# What is needed
Below are records with pictures. Transcribe exactly, and only, the lines from the line with "Tractor in Spring" to the line with "A 1.11m 20th", both ends included, but not the pictures.

# Information provided
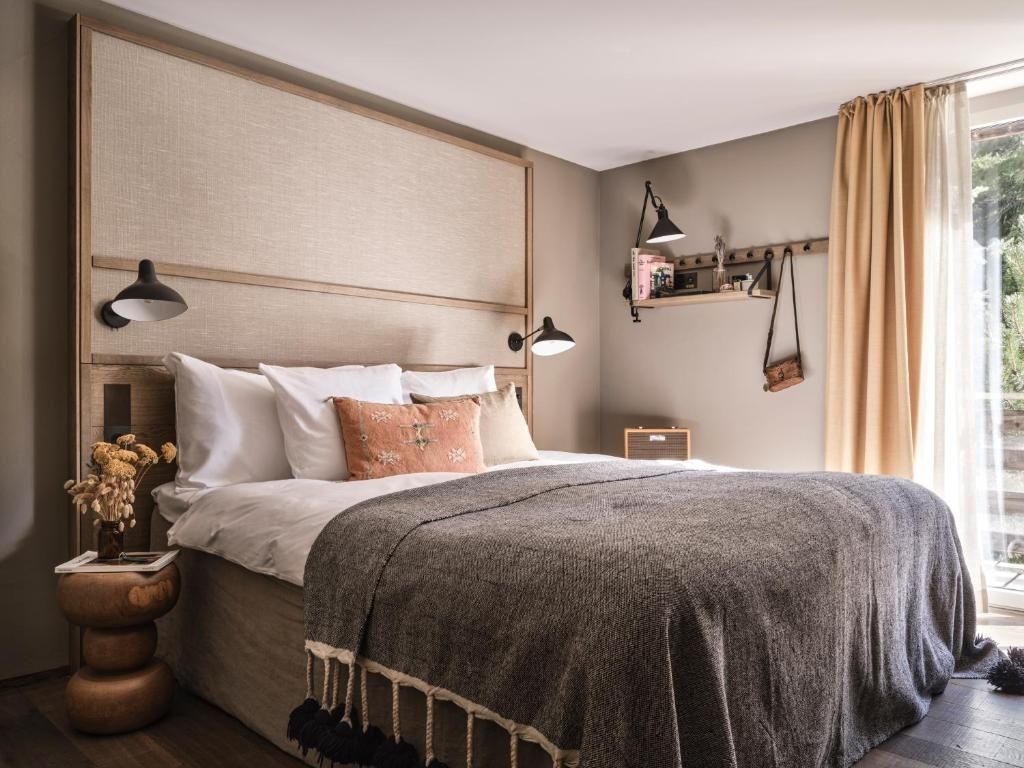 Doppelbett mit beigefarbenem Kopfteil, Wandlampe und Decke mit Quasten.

...

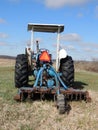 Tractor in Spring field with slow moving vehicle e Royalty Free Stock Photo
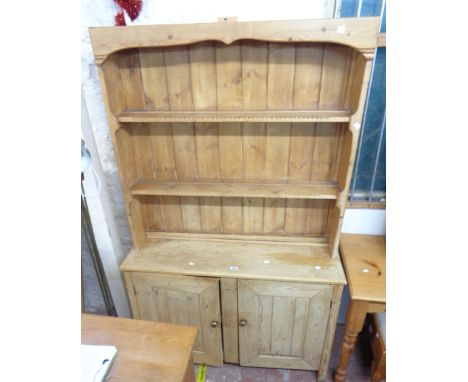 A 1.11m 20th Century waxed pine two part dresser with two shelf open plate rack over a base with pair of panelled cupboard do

---

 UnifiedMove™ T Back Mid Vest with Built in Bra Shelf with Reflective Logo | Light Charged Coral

# Exercise result
 Tractor in Spring field with slow moving vehicle e Royalty Free Stock Photo
 A 1.11m 20th Century waxed pine two part dresser with two shelf open plate rack over a base with pair of panelled cupboard do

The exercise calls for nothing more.